Editor's note: This is the last in a five-part series about the Circles Poverty Reduction Strategy and the participants whose life it is changing.
by Shawn Jeffords
Scott Miller isn't a beach person.
The co-founder of the Circles Poverty Reduction Strategy spent his 25th wedding anniversary with his wife in Hawaii, a place he'd long wanted to visit.
"Towards the end of the trip I couldn't wait to get back," recalled Miller, who was in Sarnia for the official launch of Circles on Tuesday.
When he did, Miller and his wife helped a leader in their circle get a new vehicle, spending as much making the car roadworthy as they had on the vacation.

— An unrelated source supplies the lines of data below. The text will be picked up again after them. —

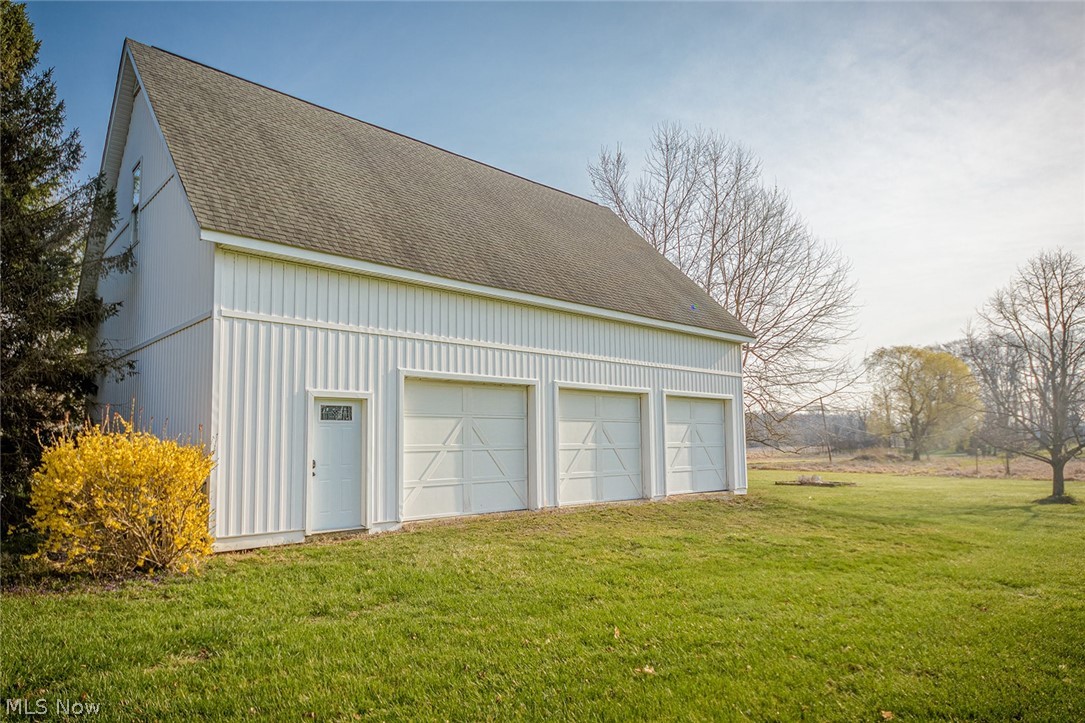 Franklin - Residential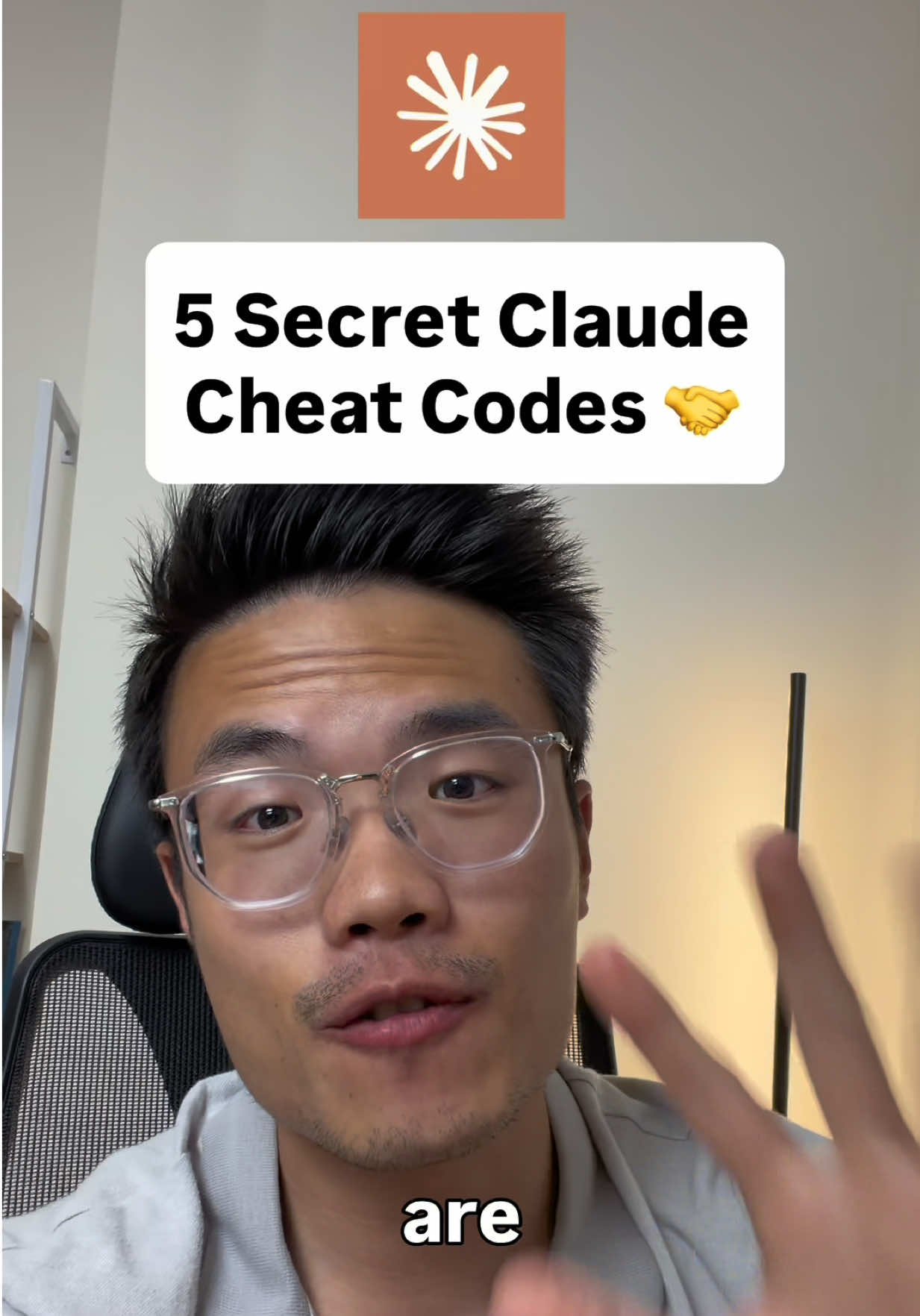 @Taki Wong | AI Educator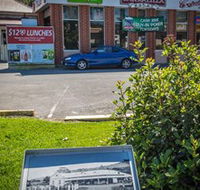 Yankalilla District Heritage Trail - Accommodation QLD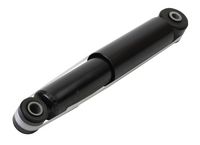 Amortizor MAXGEAR, Cod: 11-0143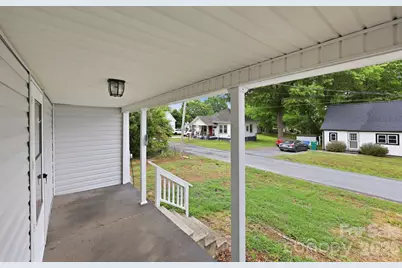 904 Mill Street, Albemarle, NC 28001 - Photo 6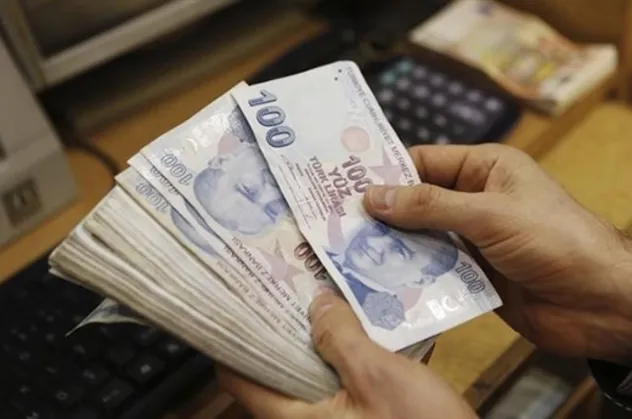 Emekli olduktan sonra çalışanlar yeniden tazminata hak kazanır mı? Siz sordunuz Faruk Erdem cevapladı | 22 Nisan 2020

"There really was no comparison between the two things," he said. "The vacation was gone, like vapour. That car donation just keeps giving and giving. It was great."
That feeling has kept Miller plying his trade since the early '80s when he helped found Circles, now Lambton County's poverty reduction program.
The Kent State business school graduate decided that instead of using his education to make money he'd use it to help others prosper. He and his wife moved to Ames, Iowa, in the early '90s to work with an innovative anti-poverty group, and Circles was born.
"In Ames, the community was in denial," he said. "We had 8,000 households in poverty. Most people thought it was a few hundred. It was buried out of sight," said Miller, now CEO of the Move the Mountain Foundation.
What Circles did was bring poverty into the light. The creators used a model borrowed from 12-Step programs - the ritual of a weekly meeting and a supportive, stable environment to build the program. It spread across the United States and Lambton County is now the first Canadian launch site.
Miller has had the chance to see the local operation up-close and believes its will success. He admits not every Circle's program works; it depends on a variety factors.
Lambton has "skilled champions" who know how to network and stable funding from the county. They've followed the model created in Iowa and there is a "self-generated sense of urgency," he said.
"You have some fabulous Circles leaders who really have great stories," he said.
By having those in poverty pull themselves out there is a ripple effect in the community, with a greater sense of safety and more prosperous businesses, he said.
"Life in this county will never be the same."
How are they doing?
Readers have been asking how individuals profiled in the five-part Circles series concluding today have fared. Following is a rundown:
- Crystal Fach was featured in part one Thursday. She has been sober for more than three years and again has custody of her two sons. She has completed high school and begun work apprenticing as a hair stylist. Fach said she told her story to make the community aware of the dangers of drug abuse.
- Ed Wolsey Jr., featured in part three Monday. He is contemplating a return to college and continues to be an active member in his men's group and church.
- Monique Rivers was featured in part four Tuesday. She is busy with the tenant group Parents Standing Together, which now has an associate members list that includes representatives from Crime Stoppers, the YMCA, the Lambton Kent District School board and Sarnia-Lambton Rebound.